Just a brief lesson on water well construction and aquifers and other stuff like that.
The upper photo is of a poorly constructed/ poorly maintained residential drinking water well, probably on the order of 120-150 feet deep. It was located on the inner Coastal Plain, a few miles south of Augusta, GA, in Burke County.
Though we (the Ga. Geologic Survey Tritium Project) never subjected this particular well to a detailed examination by geophysical logging, whereby several devices are lowered into the well to do a variety of tests, it probably "bottomed out" and was drawing water from the Late Eocene Utley Limestone Member of the Clinchfield Formation or perhaps the overlying Griffins Landing Member of the Dry Branch Formation (also a limestone or a limey clay in places) or the Irwinton Sand Member of the Dry Branch Formation. Overlying the Dry Branch Formation was the Late Eocene Tobacco Road Sand and that is what makes up the sandy soils seen surrounding the wellhead.
There are two areas of concern regarding the construction of this well. The first involves the apparent lack of a "grout seal". When a drill rig drills a borehole, because of the sloughing of sediments, the borehole is rarely ever a perfect cylinder. To prevent the sloughing of sediments that would fill the well, usually well casing is installed consisting of Schedule 40 or Schedule 80 (for deeper wells) PVC pipe that is from 4 to 8 inches in diameter. With this well, the rust on the exposed casing suggests a steel or cast iron casing (it has been almost 10 years since I worked this area).
With the installation of the casing, the area between the borehole and the casing is called the "annular space" and it must be properly sealed to prevent surface pollutants from reaching the aquifer.
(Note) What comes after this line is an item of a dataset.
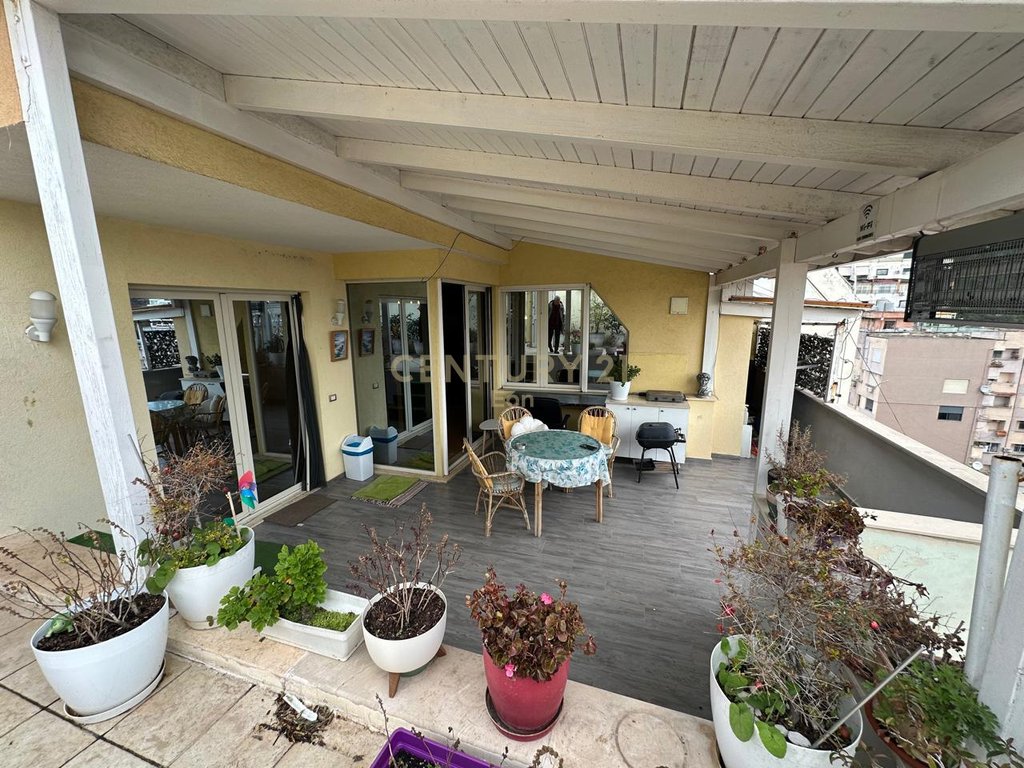 FOR RENT 3+1+2 APARTMENT WITH SEA VIEW IN VOLLGA DURRES!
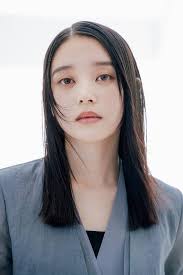 Trisha finalmente me deja tocar su coño con mi polla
Around the "screen zone", where the water enters the well casing, coarse sand (sand pack or gravel pack) is usually introduced to keep the water flowing from the aquifer into screen zone. Above the "gravel pack" is where the first seal should be applied. Below the water table, pellets of bentonite clay are introduced by way of a small pipe from the surface. Once wet, the bentonite pellets will swell and seal the annular space, if properly applied. Above the water table and all the way to the surface, a thin slurry of concrete seals the rest of the annular space. At there surface, the well owner is supposed to pour a concrete surface pad to act as the first line of defense against surface pollutants reaching the aquifer.
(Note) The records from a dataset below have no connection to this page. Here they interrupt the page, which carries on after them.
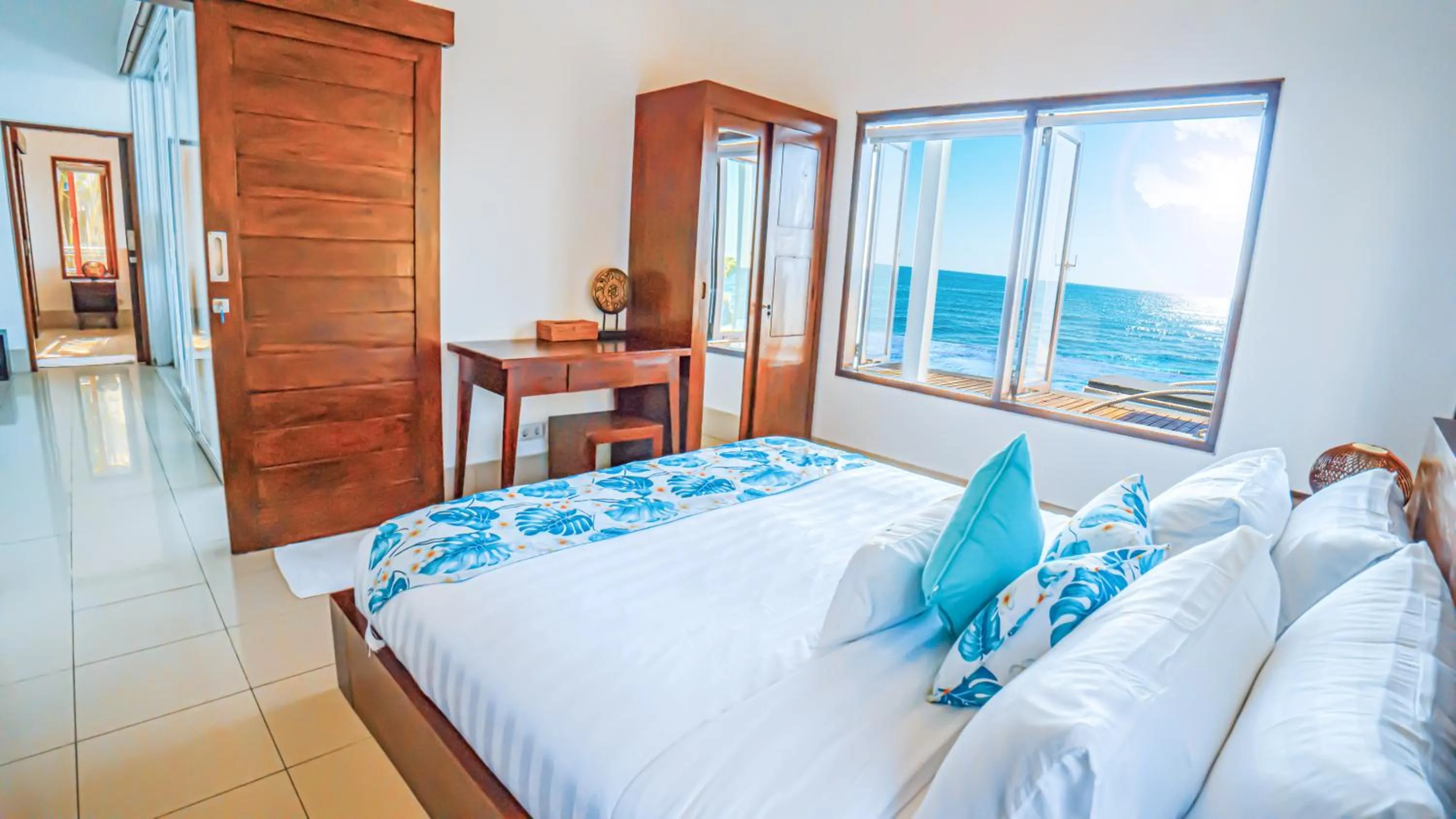Bed in Air Sanih Beach Villa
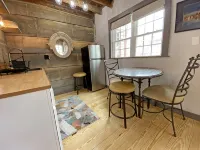 Cozy 2BR with Rustic Decor Near Downtown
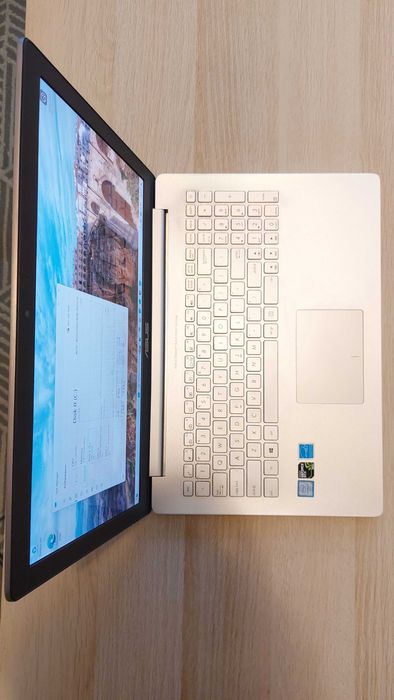 Ultrabook ASUS ZenBook 15.6 inch 4K IPS, Intel i7 6700HQ, 16GB DDR4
That is how it should be. A closer look at the surface area (amid the debris) surrounding the wellhead (in the upper photo) suggests that the area slopes inward towards the well casing. This is not good. This suggests that rainwater has been washing the sandy soil into the ungrouted (or poorly grouted) annular space. Along with the sand, whatever else might be on the ground surface (chicken poop, dog poop, etc.) is susceptible to being washed down the annular space, possibly reaching the aquifer if there is no grouting at all.
If you are ever in the position of buying a piece of property and the wellhead looks like this, at least get the water tested by the county health department or walk away from the deal. Due Diligence applies to things more than land titles and termites.
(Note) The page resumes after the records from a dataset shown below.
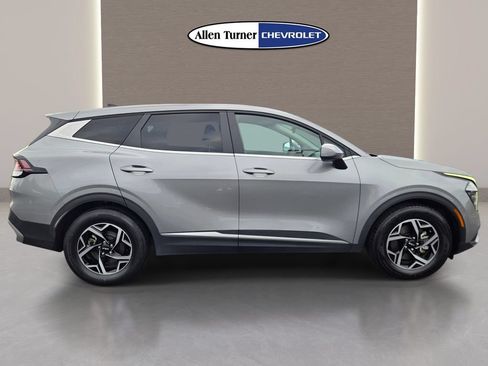 Used 2024 Kia Sportage LX FWD image 5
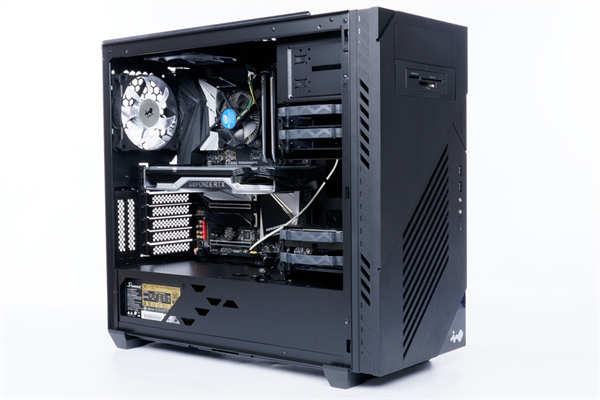 InWin C200创作者专用机壳/足够的 3.5吋硬碟槽与前置U3 Gen2 Type-C,为创作者而生(38)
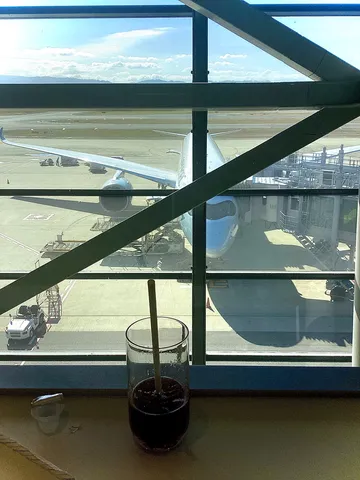 飛行機と旅立ちのドリンク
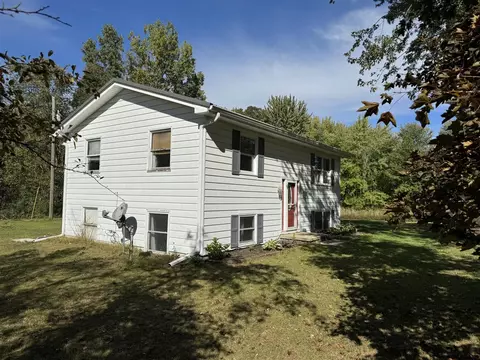 4701 N Grow, Stanton, MI 48888 photo 2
In the photo below, these three GGS monitoring wells (one mile or so from the above well) exhibit properly installed surface pads to top off the annular space grouting. [There are three wells drilled into three separate aquifers at different depths to test for tritium among other things. Above background (but below EPA MCL) levels of tritium were found in the shallow aquifer well (the same one serving the well in the upper photo). One goal of our study was to make sure that similar levels of tritum had not reached the deeper aquifers (which it had not).
If the residential well (drilled to serve a couple of trailers) had at least a surface pad, that would have offered some protection from surface pollutants.